Stadtteil-Leben

Stadtviertel und Stadtteile werden in erster Linie definiert durch ihre Bewohner. Sie sind vor allem soziale Bezugssysteme – überschaubar und mit besonderem Charakter, der sich in gängigen Namen wie Kreuzviertel, Bahnhofsviertel oder Szeneviertel u. a. widerspiegelt. Im Idealfall können Menschen hier wohnen, leben, einkaufen und arbeiten.

Jedes Viertel und jeder Stadtteil hat seine eigene Entwicklung und Bedeutung. Die Bewohner nehmen Veränderungen besonders sensibel wahr, denn Straßen und Plätze schließen direkt an die eigenen vier Wände an und gehören zum alltäglichen Lebensraum. Doch Viertel und Stadtteile verändern sich in ihrer architektonischen Gestalt, ihrer Nutzung und sozialen Zusammensetzung.

Durch die Finanznot vieler Kommunen, Wirtschafts- und Einzelhandelskrisen und den demografischen Wandel sind in den vergangenen Jahrzehnten jedoch vielerorts Stadtviertel verödet, überaltert und in sozio-ökonomischer Schieflage. Hier besteht Handlungsbedarf. Um die besondere Qualität von Stadtvierteln wieder zum Leben zu erwecken, bietet ILI Kommunen und Bezirksräten, Einzelhandelsverbänden und Immobilienbesitzern sowie Interessengemeinschaften professionelle Unterstützung. Mit gut durchdachten standortbezogenen Konzepten und individueller Beratung.

Standortqualität

Stadtviertel sind Orte der Identifikation, der Begegnungen und der alltäglichen Orientierung. Ein attraktives Ambiente für Wohnen, Leben und Einkaufen ist Teil der besonderen und immer wieder gesuchten Qualität von Vierteln und Stadtteilzentren. Es geht Hand in Hand mit einem ausgewogenen Geschäfts- und Dienstleistungsangebot, das die Bedürfnisse der Bewohner abdeckt.

Auf Wunsch entwickelt ILI innovative Konzepte, die helfen Stadtviertel und Stadtteilzentren als Lebens-, Handels- und Aufenthaltsorte wieder beliebt und belebt zu machen.

Kommunikation und Medien

Stadtviertel und Stadtteilzentren sollten aus dem Potential der dortigen Akteure und Bewohner heraus entwickelt und gestaltet werden. Dafür sind passende Kommunikationsformen erforderlich.

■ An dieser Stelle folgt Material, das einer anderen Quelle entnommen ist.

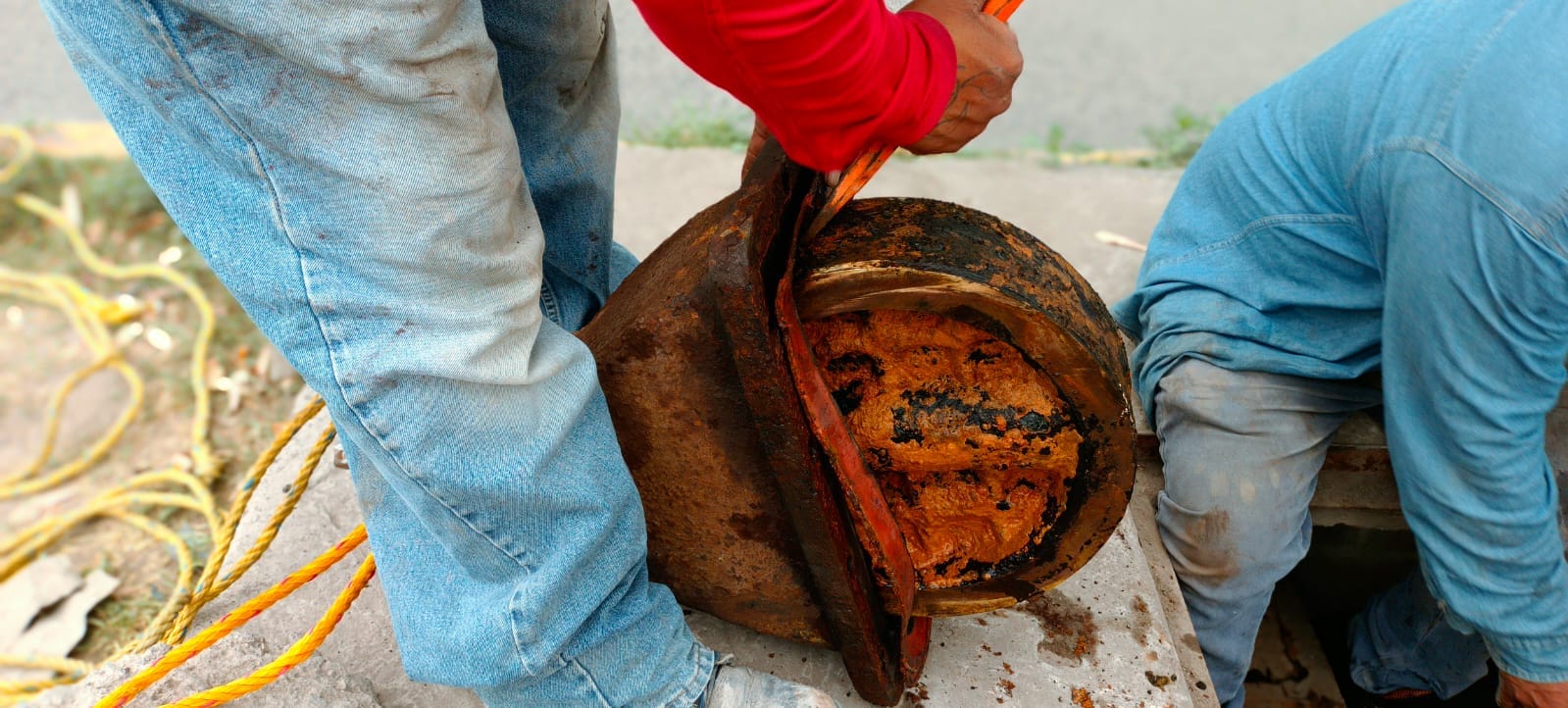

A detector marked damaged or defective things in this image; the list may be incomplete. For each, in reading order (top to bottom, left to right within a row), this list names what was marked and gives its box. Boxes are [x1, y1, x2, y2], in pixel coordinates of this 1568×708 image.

rusty metal surface [802, 198, 1135, 614]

ILI empfiehlt, konzipiert und moderiert Open Space-Workshops. Bislang meist geschlossene Planungssysteme werden so den Bewohnern und anderen örtlichen Akteuren geöffnet. Sie können ihre Ideen, Bedürfnisse und Vorstellungen einbringen und so ihre Stadtviertel „mitgestalten“ – sozusagen „beyond institutions“ und ohne Einschränkung von Bebauungsplänen und Gestaltungssatzungen. Ein Potential, das genutzt werden sollte!